A Sacristia, inaugurada em 1732, possui duas tábuas do século XVII: “Milagre da Mula (Santo António)” e “Pentecostes(descida do Espírito Santo sobre os Apóstolos)”, quadros igualmente atribuídos a Grão Vasco. Os silhares de azulejos do século XVIII são cópia das estampas do livro “Escuela del Corazon”, alegoria dos vários estados de alma nas suas ascensões para Deus, legendados com várias quadras.

O Claustro de tipo gótico tem a arcada ogival decorada com o rodízio de D. Afonso V.

Na ala norte existe uma porta manuelina, que dá acesso à capela do Senhor Jesus, forrada com azulejos de ponta de diamante. Aqui encontra-se o panteão da família Soares de Alarcão, que dominaram a alcaiadaria de T. Vedras nos séculos XVI e XVII, para o qual se entra por um magnífico pórtico manuelino. Destaca-se a lápide sepulcral de Gomes Soares, que foi conselheiro de D. Afonso V, D. João II e D. Manuel.
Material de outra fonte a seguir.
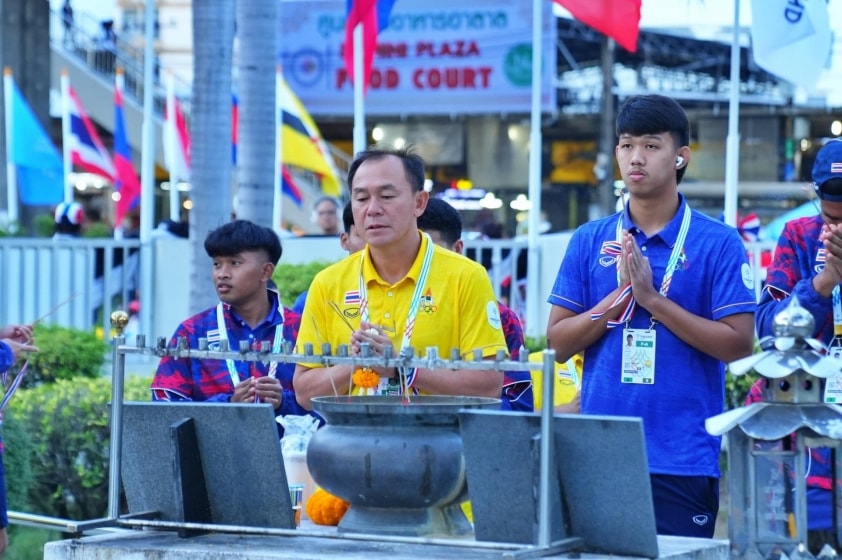 HLV trưởng U22 Thái Lan dẫn đầu thực hiện nghi lễ trước trận chung kết SEA Games với U22 Việt Nam. (Ảnh: FA Thailand)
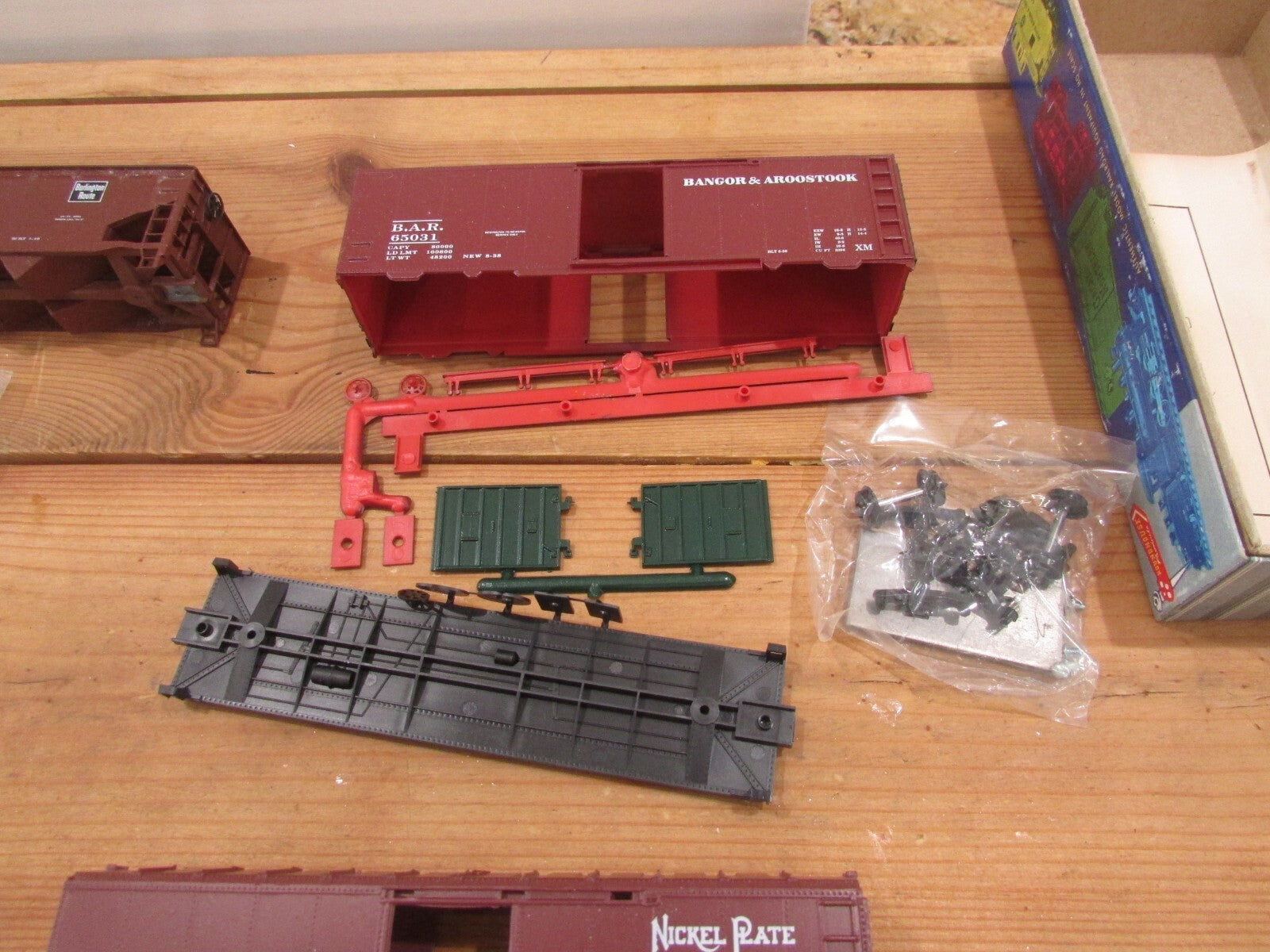 HO Scale Roundhouse & Athearn (6) Assorted Car Kits Lot#1901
Destaque também para o nicho de Stº António, com azulejos policromados representando o Santo.

Aberto para o claustro existe a Sala do capítulo com azulejos albarrados do século XVIII e várias telas com retratos dos priores e figuras ilustres do convento, com destaque para a de “Frei António das Chagas”, tela do final do século XVII.

Mas um dos sítios mais emblemáticos deste monumento é a sua “cerca”, assim descrita por Madeira Torres:

“A cerca do Convento é espaçosa, e comprehende uma boa mata, horta, e vinha povoada de muitas arvores das milhores castas de peras, maças, ameixas, ginjas, e pêcegos, e tambem comprehende diversos taboleiros de pomares d’espinho, sendo bastante conhecidas, e estimadas as limas, que d’elles se colhem” (5).

Nela existem duas capelinhas, uma no sítio do primitivo forno de cal, que funcionou para a construção do convento no século XV, a gruta do “Ecce Homo”, forrada a azulejos, e a primitiva capela da Senhora do Sobreiro, adornada com quatro pequenos painéis que figuram monges em estudo e em contemplação, onde, segundo a lenda, foi descoberta a Imagem de Maria Santíssima com o menino, na cavidade de um centenário sobreiro, escondida aí desde o tempo de D. Afonso Henriques, para escapar á perseguição dos mouros.

Parte da mata parece ser o que resta da primitiva paisagem florestal da região pois reconhece-se “que não foi plantada esta matazinha, mas fôra um pedaço de monte, cujo mato e arbustos cresceram á mercê da sua natureza, formaram selva, mais ao diante aproveitada para uso dos animais domésticos do primeiro colono, que na encosta daquele monte arroteou e semeou; e mais tarde transformada em recreio do primeiro senhor que ali instituiu Quinta para sua morada” (6).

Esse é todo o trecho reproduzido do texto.